Terza battuta d’arresto degli amaranto, urgono correttivi validi

RONCHI DEI LEGIONARI. Terza battuta d'arresto consecutiva per un Ronchi preso a schiaffi prima dal calendario e poi dalle rivali di giornata. Le trasferte sui sintetici di Trieste Calcio e, domenica, Costalunga inframezzate dal ruzzolone interno con la Juventina non erano di certo impegni agevoli sulla carta: le ultime due stanno inseguendo da vicino la battistrada San Luigi, il Trieste Calcio è un gradino più in basso. Fare punti, in sintesi, sarebbe stata una manna dal cielo, ma qualcosa si poteva anche raggranellare: non è andata così e la classifica piange, in attesa di una pronta riscossa contro avversarie più abbordabili.

«Pur partendo con il giusto piglio abbiamo regalato un pallone in uscita e siamo stati castigati, le abbiamo provate tutte nella ripresa cambiando anche modulo e giocando molto alti, ma abbiamo finito con lo scoprirci e offrire il fianco alle loro ripartenze, anche se hanno trovato il raddoppio su punizione, mentre il tris è nato proprio in contropiede: insomma, continuiamo a misurarcela alla pari per larghi tratti - la cruda e nuda realtà secondo l'allenatore Leghissa - per poi pagare profumatamente qualche errore". A parziale scusante l'assenza a vario titolo dei difensori Stradi, Sarcinelli e Cappellari con una linea difensiva completamente nuova (Bertugno, Rebecchi, Dominutti e Dallan).

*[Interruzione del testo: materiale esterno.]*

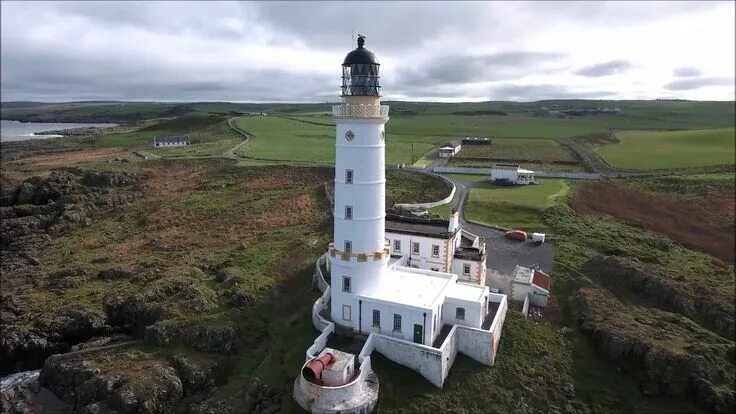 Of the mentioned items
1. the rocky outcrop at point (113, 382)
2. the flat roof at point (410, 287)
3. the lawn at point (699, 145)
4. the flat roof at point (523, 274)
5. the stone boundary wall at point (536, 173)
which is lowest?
the rocky outcrop at point (113, 382)

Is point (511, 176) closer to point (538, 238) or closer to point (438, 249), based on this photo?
point (538, 238)

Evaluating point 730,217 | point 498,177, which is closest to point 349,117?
point 730,217

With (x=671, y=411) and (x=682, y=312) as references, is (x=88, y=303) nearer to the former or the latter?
(x=671, y=411)

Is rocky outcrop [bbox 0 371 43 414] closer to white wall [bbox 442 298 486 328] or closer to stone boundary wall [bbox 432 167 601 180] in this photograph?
white wall [bbox 442 298 486 328]

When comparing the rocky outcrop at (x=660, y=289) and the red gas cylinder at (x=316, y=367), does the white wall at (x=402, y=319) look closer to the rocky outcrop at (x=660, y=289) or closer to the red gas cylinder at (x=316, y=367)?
the red gas cylinder at (x=316, y=367)

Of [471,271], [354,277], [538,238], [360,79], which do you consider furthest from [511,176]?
[360,79]

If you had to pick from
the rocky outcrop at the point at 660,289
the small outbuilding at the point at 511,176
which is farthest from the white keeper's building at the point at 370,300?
the small outbuilding at the point at 511,176

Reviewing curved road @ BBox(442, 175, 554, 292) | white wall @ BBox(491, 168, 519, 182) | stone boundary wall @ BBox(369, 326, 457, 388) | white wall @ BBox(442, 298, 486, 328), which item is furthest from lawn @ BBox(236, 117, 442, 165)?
stone boundary wall @ BBox(369, 326, 457, 388) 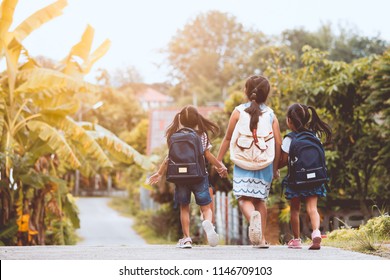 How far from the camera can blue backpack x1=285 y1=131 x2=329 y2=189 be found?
5.88 meters

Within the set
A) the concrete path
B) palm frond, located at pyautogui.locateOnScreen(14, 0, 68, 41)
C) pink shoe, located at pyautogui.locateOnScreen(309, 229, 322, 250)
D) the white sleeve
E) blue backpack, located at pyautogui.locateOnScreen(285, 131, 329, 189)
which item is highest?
palm frond, located at pyautogui.locateOnScreen(14, 0, 68, 41)

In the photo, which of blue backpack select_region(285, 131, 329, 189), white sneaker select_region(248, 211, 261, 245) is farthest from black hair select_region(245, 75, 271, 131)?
white sneaker select_region(248, 211, 261, 245)

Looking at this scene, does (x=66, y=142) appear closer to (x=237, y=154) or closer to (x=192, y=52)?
(x=237, y=154)

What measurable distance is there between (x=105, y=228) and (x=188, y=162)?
19.6 metres

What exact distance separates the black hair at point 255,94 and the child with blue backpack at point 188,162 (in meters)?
0.38

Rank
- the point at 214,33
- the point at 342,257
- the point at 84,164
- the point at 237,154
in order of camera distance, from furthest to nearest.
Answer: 1. the point at 214,33
2. the point at 84,164
3. the point at 237,154
4. the point at 342,257

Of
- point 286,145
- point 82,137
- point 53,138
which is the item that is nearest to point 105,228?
point 82,137

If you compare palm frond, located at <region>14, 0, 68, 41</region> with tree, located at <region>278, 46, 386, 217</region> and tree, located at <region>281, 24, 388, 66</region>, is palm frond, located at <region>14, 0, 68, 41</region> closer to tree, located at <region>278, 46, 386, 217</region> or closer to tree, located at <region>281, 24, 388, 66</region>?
tree, located at <region>278, 46, 386, 217</region>

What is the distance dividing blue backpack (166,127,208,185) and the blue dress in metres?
0.31

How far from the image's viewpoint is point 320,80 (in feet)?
40.3

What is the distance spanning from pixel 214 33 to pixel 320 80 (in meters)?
31.6

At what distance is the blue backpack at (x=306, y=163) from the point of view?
5879 millimetres

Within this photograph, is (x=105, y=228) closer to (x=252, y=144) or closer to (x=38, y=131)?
(x=38, y=131) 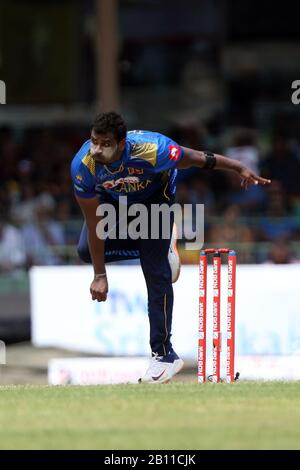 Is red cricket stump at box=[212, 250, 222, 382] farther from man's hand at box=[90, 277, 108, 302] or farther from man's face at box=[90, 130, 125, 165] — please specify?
man's face at box=[90, 130, 125, 165]

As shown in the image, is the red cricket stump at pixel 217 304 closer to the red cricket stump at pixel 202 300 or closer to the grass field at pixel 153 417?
the red cricket stump at pixel 202 300

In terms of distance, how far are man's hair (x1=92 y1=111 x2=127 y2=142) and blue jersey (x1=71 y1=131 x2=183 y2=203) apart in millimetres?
150

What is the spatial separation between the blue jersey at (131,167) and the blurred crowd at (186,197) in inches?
261

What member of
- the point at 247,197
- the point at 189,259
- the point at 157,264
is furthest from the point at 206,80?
the point at 157,264

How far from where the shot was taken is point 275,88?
23953 mm

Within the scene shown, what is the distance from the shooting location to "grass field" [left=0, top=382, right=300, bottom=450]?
673 cm

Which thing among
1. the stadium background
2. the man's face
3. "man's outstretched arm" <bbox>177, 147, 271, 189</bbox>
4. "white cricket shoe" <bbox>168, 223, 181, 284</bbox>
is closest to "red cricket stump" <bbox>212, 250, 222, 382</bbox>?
"white cricket shoe" <bbox>168, 223, 181, 284</bbox>

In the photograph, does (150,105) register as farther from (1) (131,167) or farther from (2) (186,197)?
(1) (131,167)

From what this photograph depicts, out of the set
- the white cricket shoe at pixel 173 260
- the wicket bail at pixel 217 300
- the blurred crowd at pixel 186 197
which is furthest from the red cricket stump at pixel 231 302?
the blurred crowd at pixel 186 197

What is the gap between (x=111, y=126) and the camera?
861 centimetres

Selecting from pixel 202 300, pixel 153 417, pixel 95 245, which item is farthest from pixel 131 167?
pixel 153 417

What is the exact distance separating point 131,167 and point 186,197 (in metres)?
8.36

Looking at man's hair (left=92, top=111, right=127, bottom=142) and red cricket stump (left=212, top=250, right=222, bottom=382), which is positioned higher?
man's hair (left=92, top=111, right=127, bottom=142)

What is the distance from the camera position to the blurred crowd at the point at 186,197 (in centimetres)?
1611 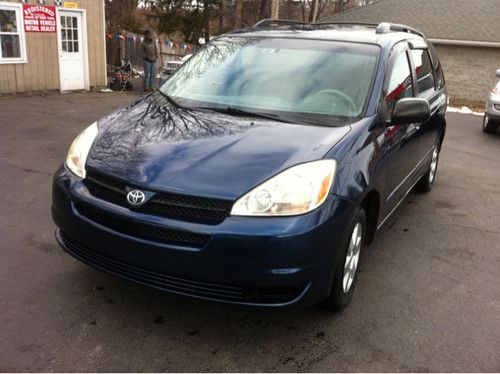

«Continuiamo a mostrare solo i punti deboli senza valorizzare il nostro potenziale, bisogna trovare al più presto una via d'uscita. Non sono sfortuna o arbitraggi i nostri nemici - lo sfogo di Matteo Airoldi, autore del punto della bandiera su assist di Di Bert - e quindi qualsiasi alibi lascia il tempo che trova, dobbiamo altresì trovare una certa maturità applicandoci maggiormente alle direttive impartite dal tecnico con il quale siamo - a parole, ma non nei fatti - in piena sintonia. Urge un cambio di mentalità da parte di tutti noi, scuse non ne esistono più, è ridicolo trovarci così in basso date le nostre potenzialità». (mat. mar.)